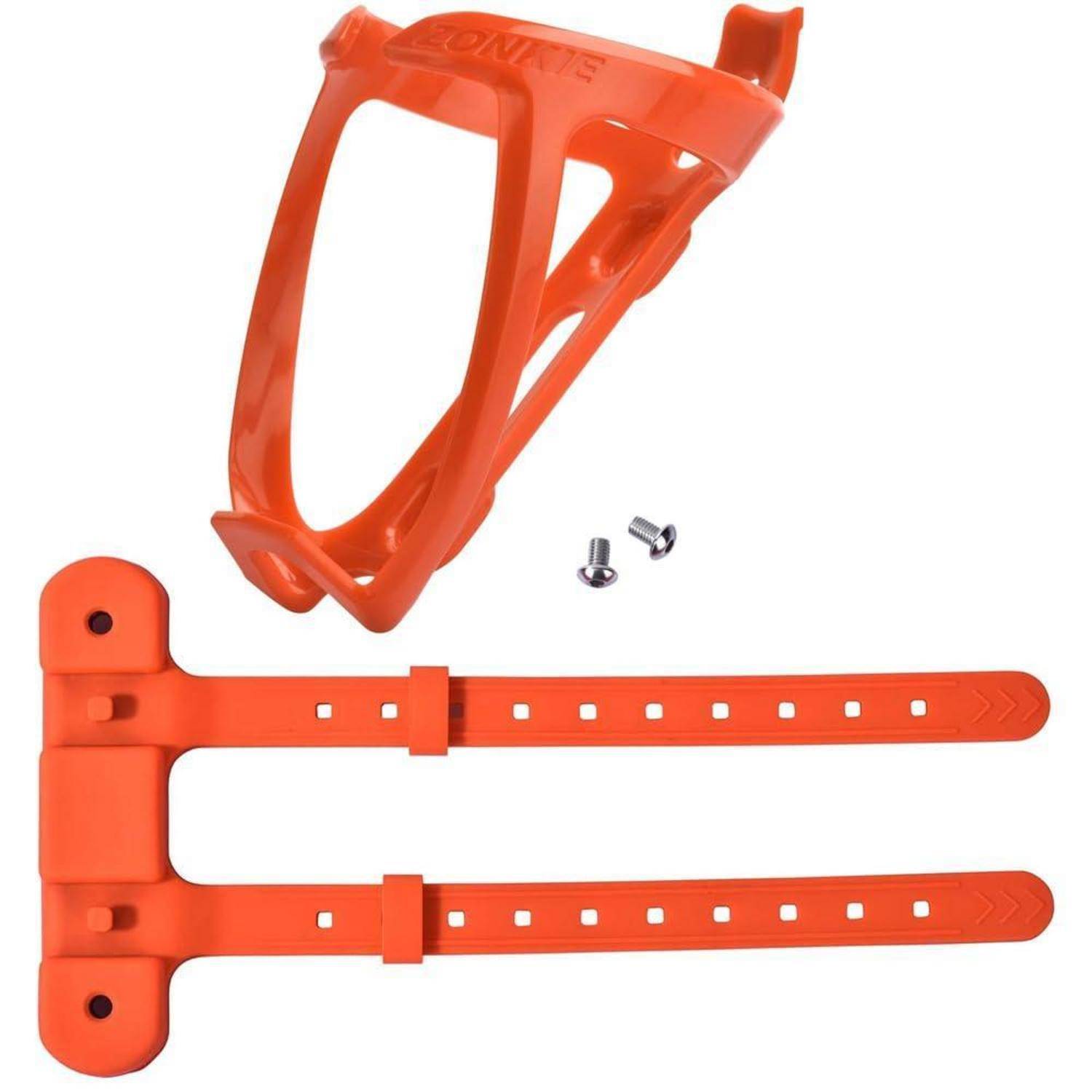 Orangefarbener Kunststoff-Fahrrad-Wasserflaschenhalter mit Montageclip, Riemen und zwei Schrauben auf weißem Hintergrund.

####################

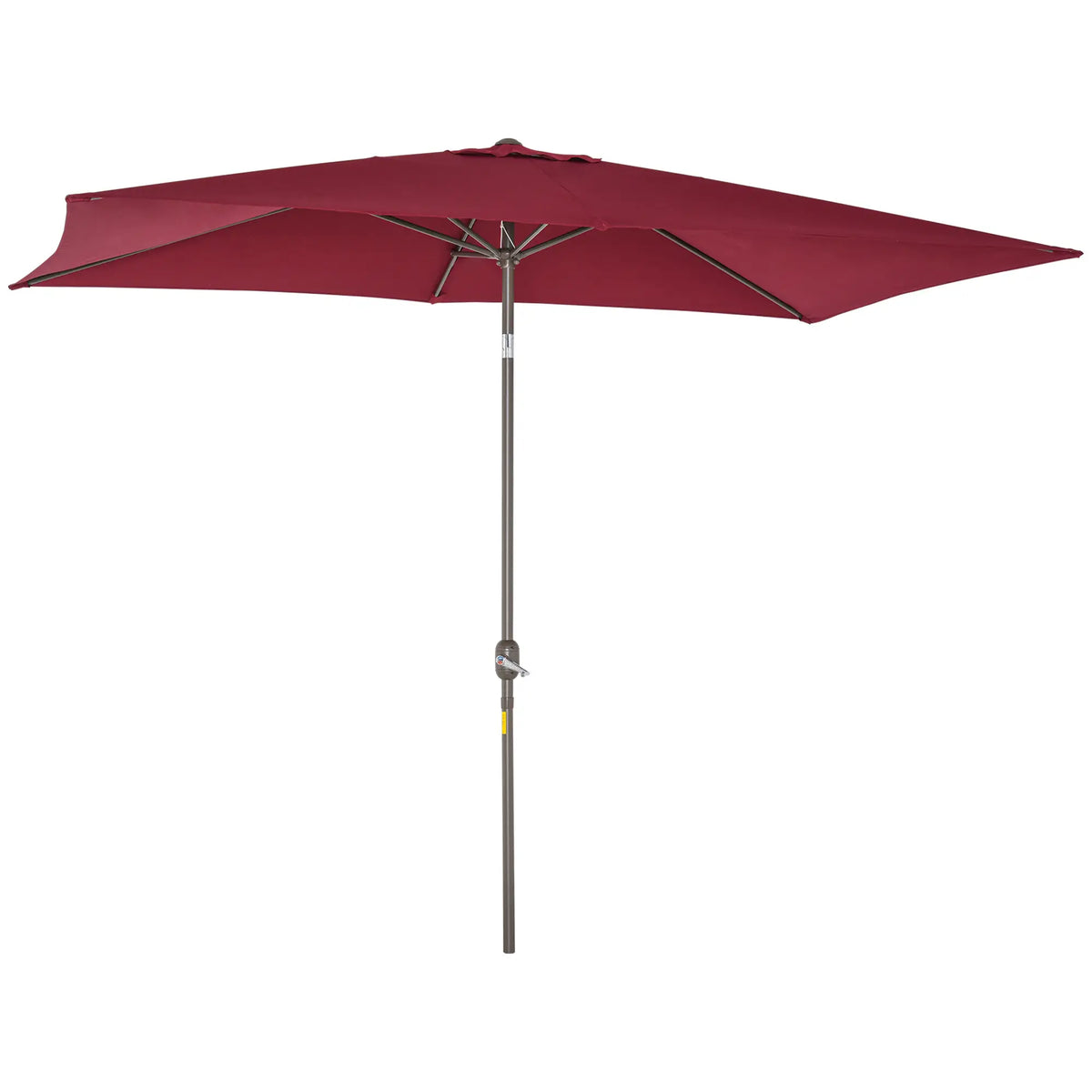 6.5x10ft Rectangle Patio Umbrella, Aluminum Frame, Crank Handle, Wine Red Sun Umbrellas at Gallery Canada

####################

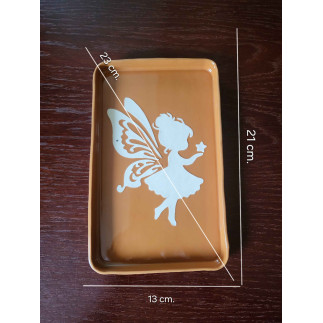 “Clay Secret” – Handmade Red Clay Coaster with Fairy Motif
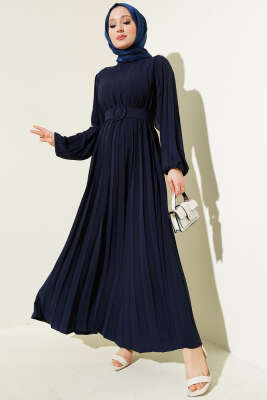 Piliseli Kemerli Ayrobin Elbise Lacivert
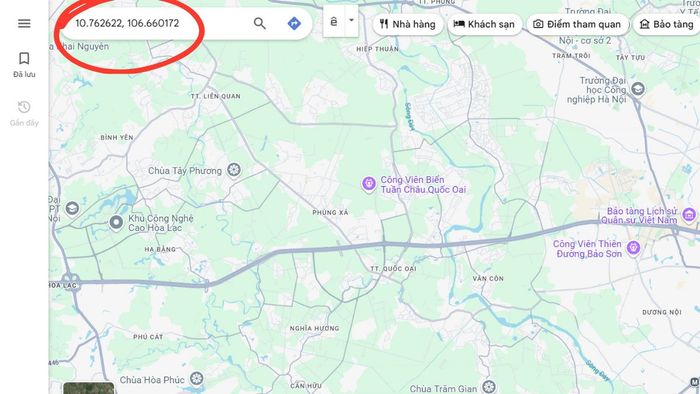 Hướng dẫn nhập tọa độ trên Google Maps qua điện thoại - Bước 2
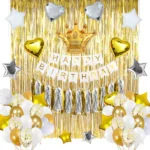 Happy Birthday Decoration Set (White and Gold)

####################

__WHAT IS NEEDED__
Beginning with the line holding "with Fairy Motif" in the material above, restate word for word each line through the line holding "Happy Birthday Decoration", and exclude pictures.

__FINISHED EXERCISE__
 “Clay Secret” – Handmade Red Clay Coaster with Fairy Motif
 Piliseli Kemerli Ayrobin Elbise Lacivert
 Hướng dẫn nhập tọa độ trên Google Maps qua điện thoại - Bước 2
 Happy Birthday Decoration Set (White and Gold)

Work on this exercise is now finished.